*Captioned web image data:*

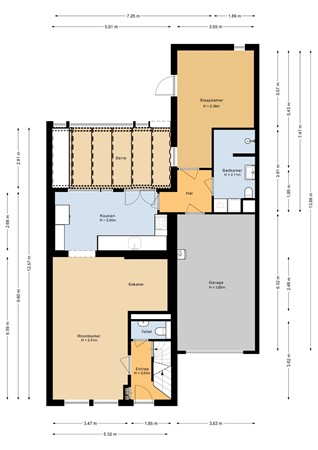 Maarstraat 63, 6467 ET Kerkrade - Begane grond - 2D.jpg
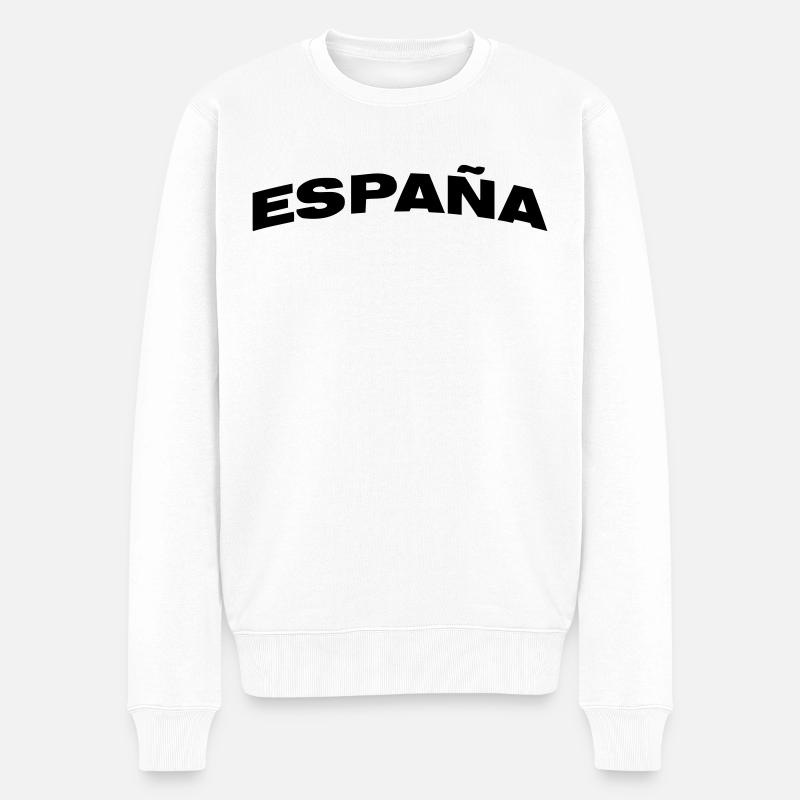 Espagne - Pull Premium bio Homme - blanc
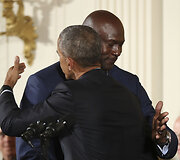 Michaelas Jordanas ir Barackas Obama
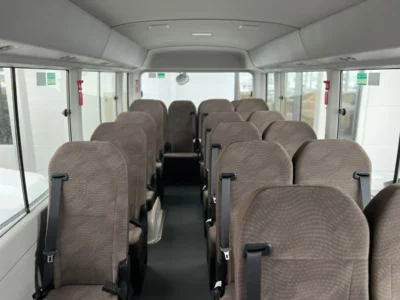 2026 Toyota Coaster 4.2 Litres V6 DSL Engine MT White Brown Bus GCC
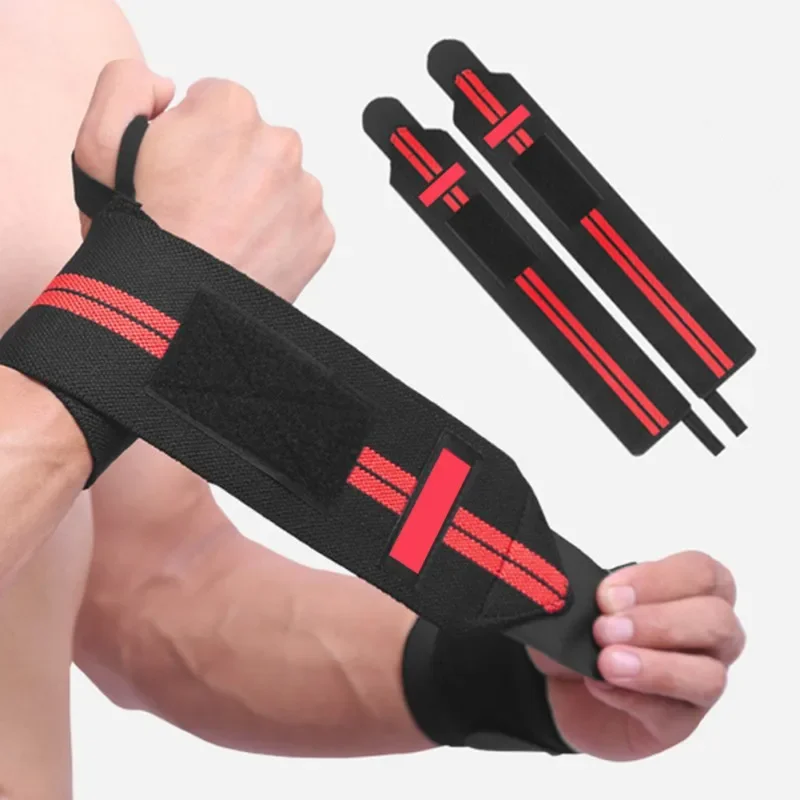 Men Adjustable Elastic Wristband Breathable Wrist Wraps Fitnes Sport Weight Lifting Safety Multifunction Upport Wrist Strap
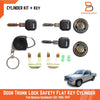 Nissan Navara Solex  LH RH Lock Safety Flat Key Cylinder (86-97)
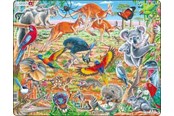 Puzzle - Larsen Puzzles Puzzle Australian animals - 60 pieces Maxi (36.5x28.5cm) Podłoga - FH45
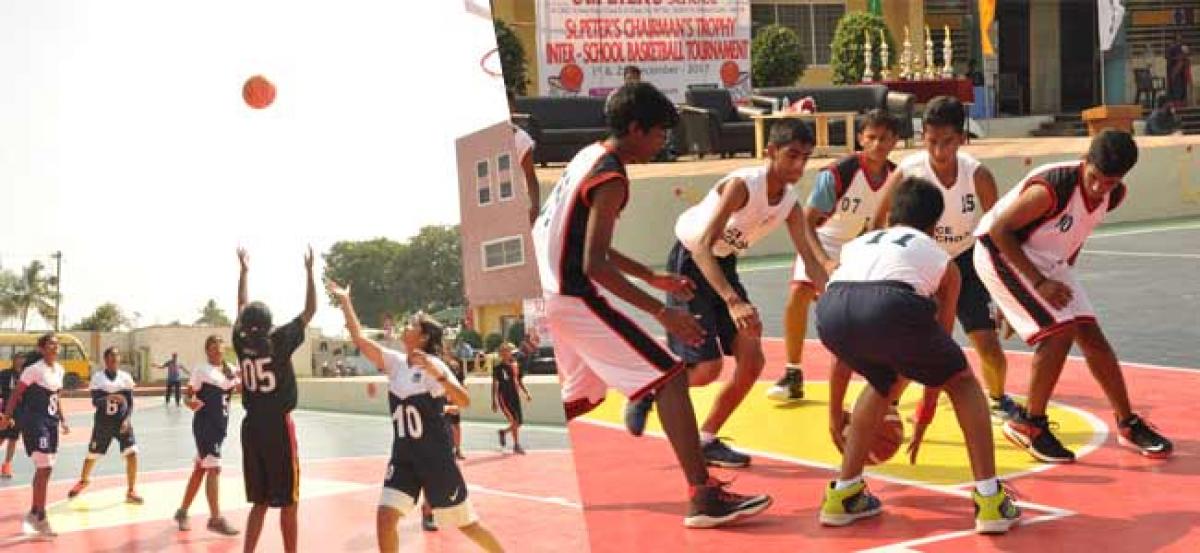 St Peter’s interschool basketball tournament held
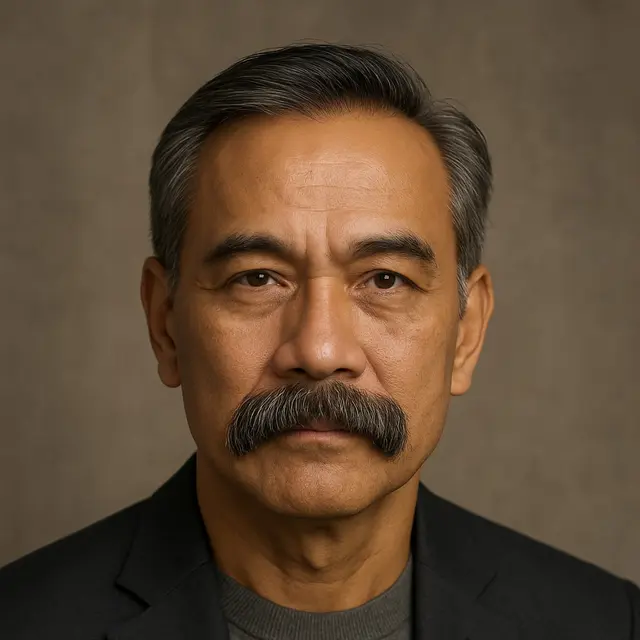 Model Kumis untuk Pria Usia 50 Tahun/Ilustrasi gambar oleh AI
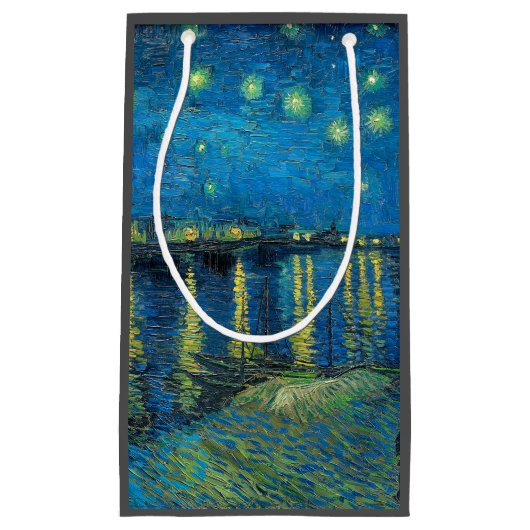 Petit Sac Cadeau Vincent Van Gogh Starry Night Over the Rhone (Devant)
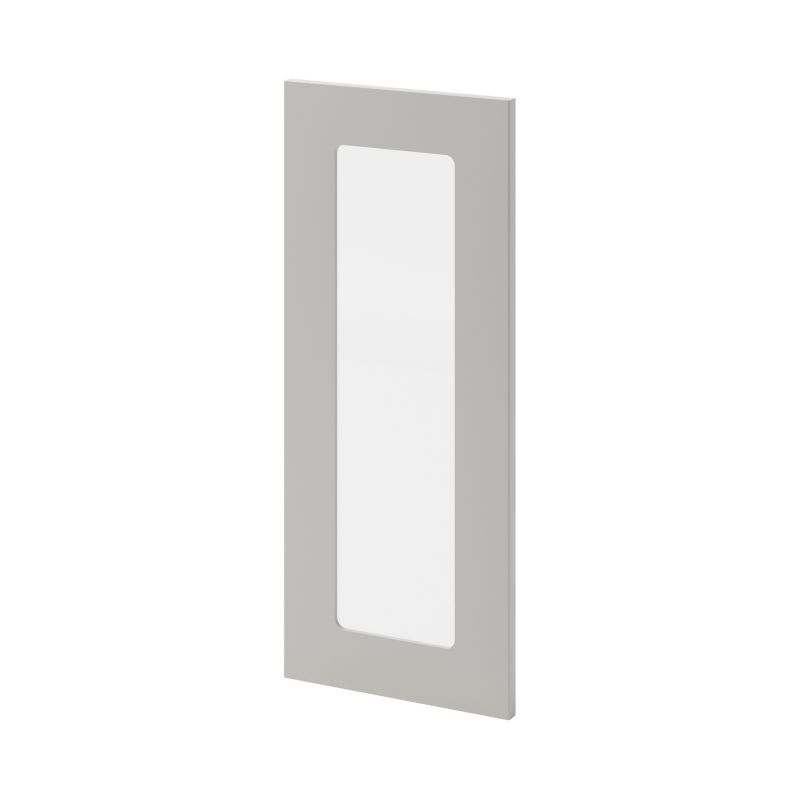 Front kuchenny z przeszkleniem GoodHome Stevia 30 cm szary mat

*What you have to do:* Reproduce every record above exactly, omitting the pictures.

*Exercise output:*
 Maarstraat 63, 6467 ET Kerkrade - Begane grond - 2D.jpg
 Espagne - Pull Premium bio Homme - blanc
 Michaelas Jordanas ir Barackas Obama
 2026 Toyota Coaster 4.2 Litres V6 DSL Engine MT White Brown Bus GCC
 Men Adjustable Elastic Wristband Breathable Wrist Wraps Fitnes Sport Weight Lifting Safety Multifunction Upport Wrist Strap
 Nissan Navara Solex  LH RH Lock Safety Flat Key Cylinder (86-97)
 Puzzle - Larsen Puzzles Puzzle Australian animals - 60 pieces Maxi (36.5x28.5cm) Podłoga - FH45
 St Peter’s interschool basketball tournament held
 Model Kumis untuk Pria Usia 50 Tahun/Ilustrasi gambar oleh AI
 Petit Sac Cadeau Vincent Van Gogh Starry Night Over the Rhone (Devant)
 Front kuchenny z przeszkleniem GoodHome Stevia 30 cm szary mat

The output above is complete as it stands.